> **To do**: Without the pictures, give the records again exactly as they appear.

Items listed in a dataset
◆ ◆ ◆ ◆
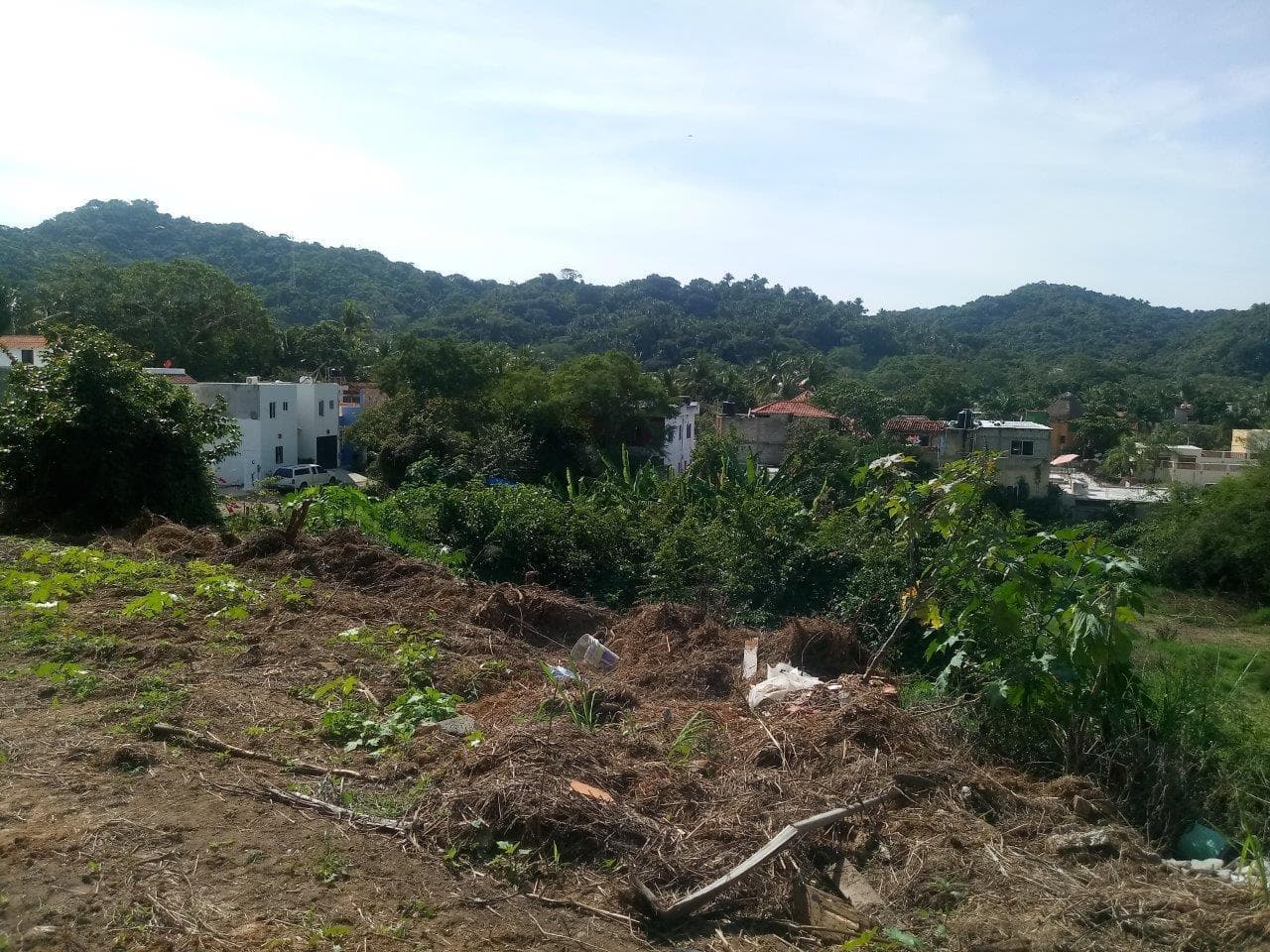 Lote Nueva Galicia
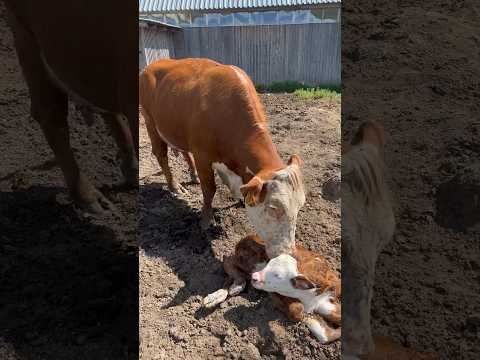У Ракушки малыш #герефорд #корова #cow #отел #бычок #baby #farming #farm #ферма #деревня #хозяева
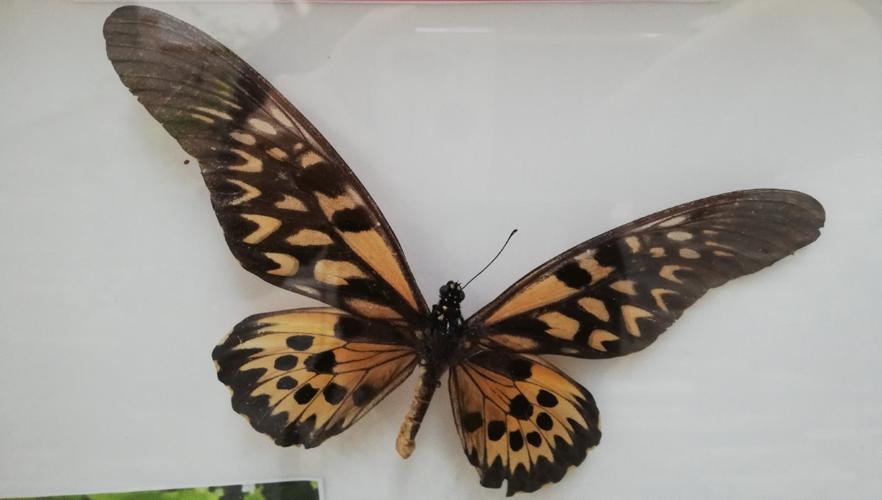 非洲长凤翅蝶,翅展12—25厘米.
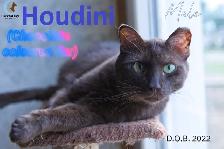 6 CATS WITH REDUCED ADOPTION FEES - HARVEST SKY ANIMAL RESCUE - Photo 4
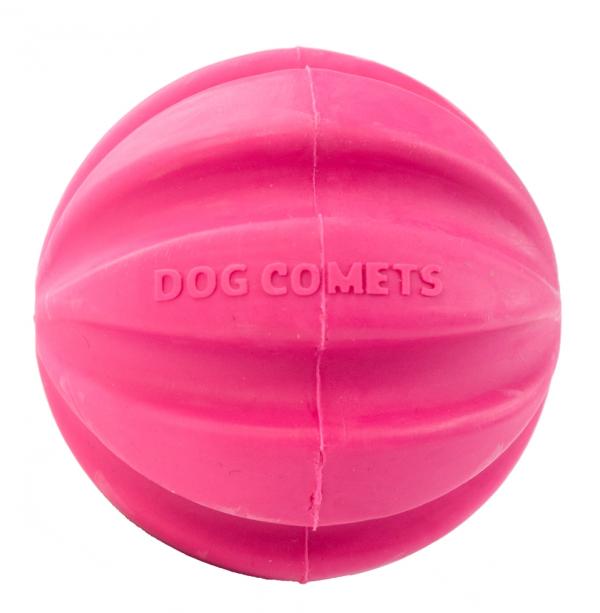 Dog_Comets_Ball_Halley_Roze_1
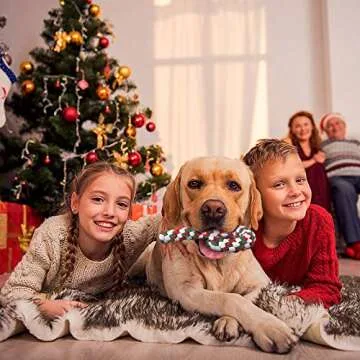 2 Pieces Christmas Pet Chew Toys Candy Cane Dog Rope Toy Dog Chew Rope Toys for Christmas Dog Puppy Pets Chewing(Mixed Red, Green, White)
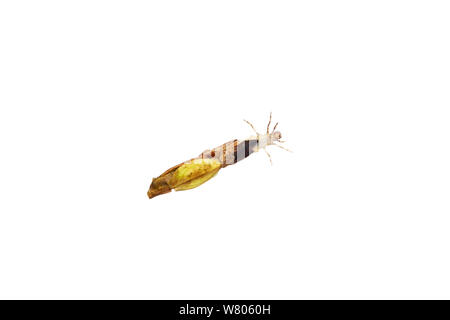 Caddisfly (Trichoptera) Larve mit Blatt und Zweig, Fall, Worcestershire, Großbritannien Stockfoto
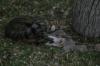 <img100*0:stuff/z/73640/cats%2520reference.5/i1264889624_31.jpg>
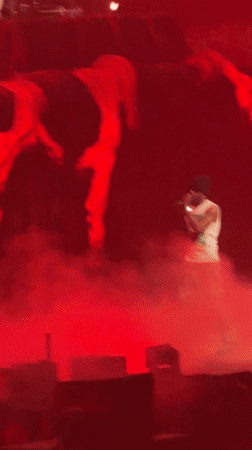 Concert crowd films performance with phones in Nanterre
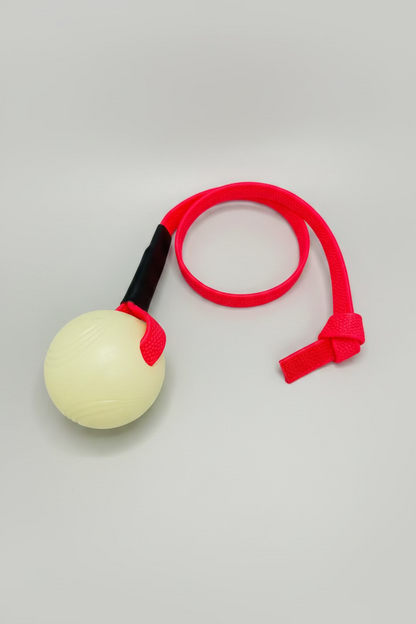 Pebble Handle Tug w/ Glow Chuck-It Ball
◆ ◆ ◆ ◆
> **Your solution**:
 Lote Nueva Galicia
У Ракушки малыш #герефорд #корова #cow #отел #бычок #baby #farming #farm #ферма #деревня #хозяева
 非洲长凤翅蝶,翅展12—25厘米.
 6 CATS WITH REDUCED ADOPTION FEES - HARVEST SKY ANIMAL RESCUE - Photo 4
 Dog_Comets_Ball_Halley_Roze_1
 2 Pieces Christmas Pet Chew Toys Candy Cane Dog Rope Toy Dog Chew Rope Toys for Christmas Dog Puppy Pets Chewing(Mixed Red, Green, White)
 Caddisfly (Trichoptera) Larve mit Blatt und Zweig, Fall, Worcestershire, Großbritannien Stockfoto
 <img100*0:stuff/z/73640/cats%2520reference.5/i1264889624_31.jpg>
 Concert crowd films performance with phones in Nanterre
 Pebble Handle Tug w/ Glow Chuck-It Ball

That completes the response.